§ **Data under study**:
******

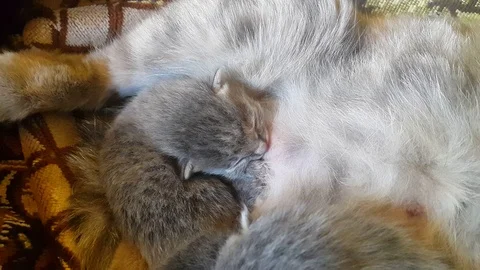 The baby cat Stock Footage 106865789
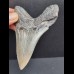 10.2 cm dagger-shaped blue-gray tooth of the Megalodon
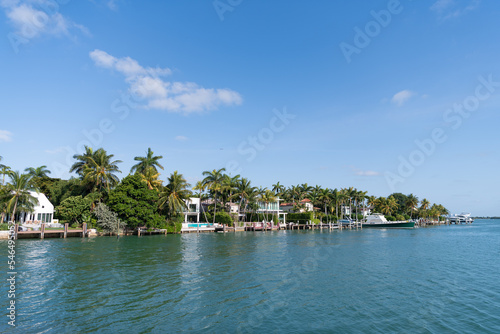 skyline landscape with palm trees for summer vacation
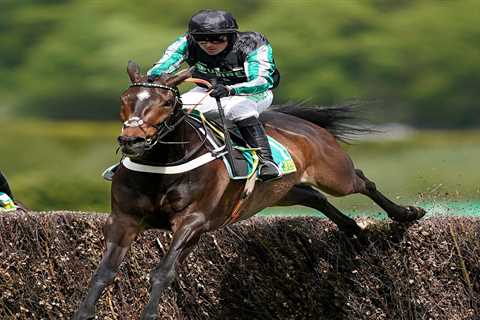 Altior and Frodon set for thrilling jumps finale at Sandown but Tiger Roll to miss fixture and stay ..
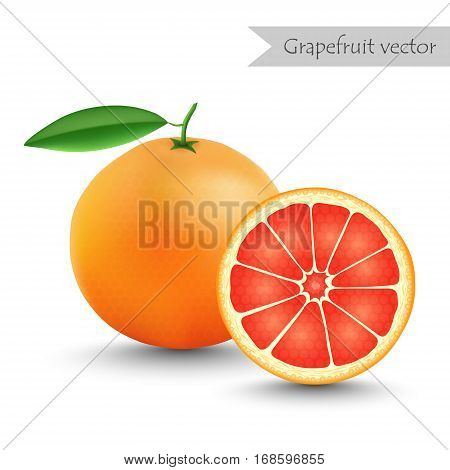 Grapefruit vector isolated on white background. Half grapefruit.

******

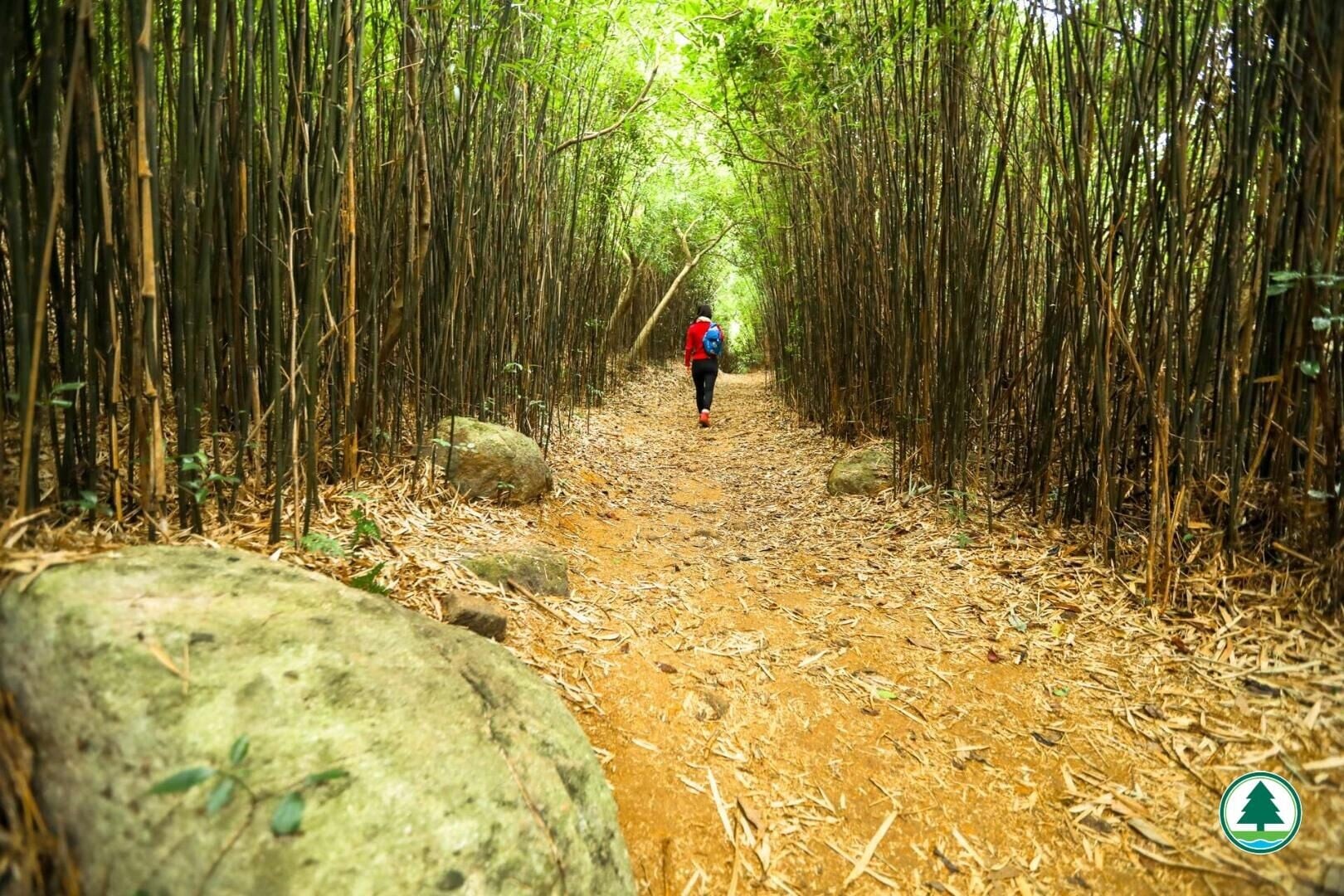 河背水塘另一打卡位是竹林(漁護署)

******

§ **Your goal**: In the records above, everything from the line with "Altior and Frodon" down to the line with "Grapefruit vector isolated" is to be set down exactly, both ends included, with no pictures and no other lines.

§ **Final answer**:
 Altior and Frodon set for thrilling jumps finale at Sandown but Tiger Roll to miss fixture and stay ..
 Grapefruit vector isolated on white background. Half grapefruit.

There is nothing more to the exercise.